By this example of simplicity and austerity, Bouchard argues, the knights were attracted to them “psychologically,” as they were “reaching a level of social prominence . . . at the beginning of the twelfth century,” thus “just reach[ing] the point both of being able to enjoy [the] comforts [of the aristocracy] and of recognizing that the soul’s salvation might lie in the rejection of them.” (197)

But at the same time, there was a “social” appeal of the Cistercians to the knights as well, “because the Cistercians were integrated into the rural knightly system of ‘give-and-take,’ where property transactions were used not only to transfer ownership of property but also to bind people together.” (197)

This observations harkens back to an earlier one, recorded above, about the fact that these transactions were not always undertaken for “purely economic purposes,” but also to “open a dialogue” between people, and forge longer-term relationships.

And by the circumstances of the “rapid economic expansion of the twelfth century,” and the many gifts they received early on,

“the monks were well positioned to raise the produce and herds that could be sold at market. Their use of granges and conversi [lay brothers] labor and their ability to form compact and easily managed holdings through judicious purchase, leases, and exchanges meant that their agriculture was well managed and efficient. Land the monks received as gift or pawn, where they had less control over what they were being given, could then be integrated into well-managed economic entities.” (197)
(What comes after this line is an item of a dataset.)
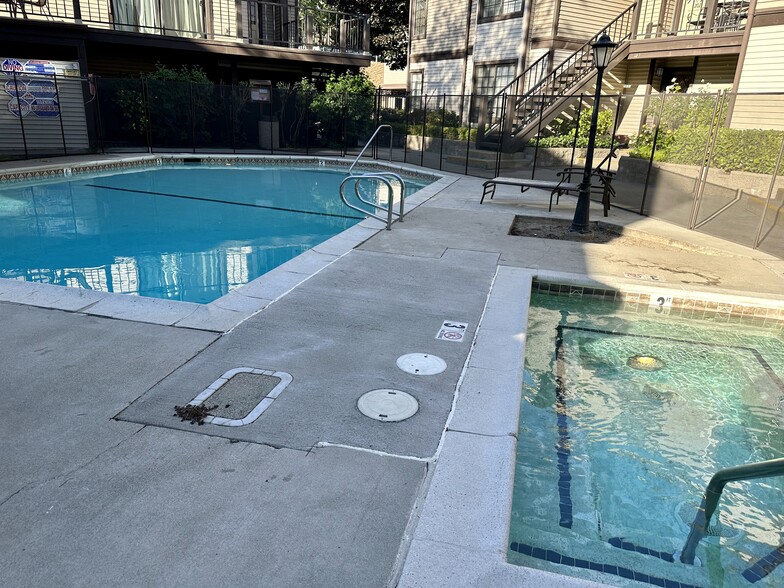 Pool and Hot Tub - 28050 CA-189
Bouchard concludes that the twelfth-century Cistercians “were able to [198] combine holiness with economic success.” (197-8) She counts “the number of pious gifts the monks received” as “a sure index of their spiritual value to their secular neighbors,” and noted that those gifts “increased at the same time and the same rate as the numbers of other kinds of economic transactions.” And then, tellingly: “The same knights who treated the Cistercians as a source of cash, if they wanted to sell or needed to pawn some land, also treated them as pious and holy men whose prayers they wanted when they died. [my emphasis] (198)

So that we must finally take “the monks’ isolation from the city and the simplicity of their way of life, rather than any antimarket tendencies,” as their distinguishing marks both when considered by their contemporaries and in their own eyes as well.” (198)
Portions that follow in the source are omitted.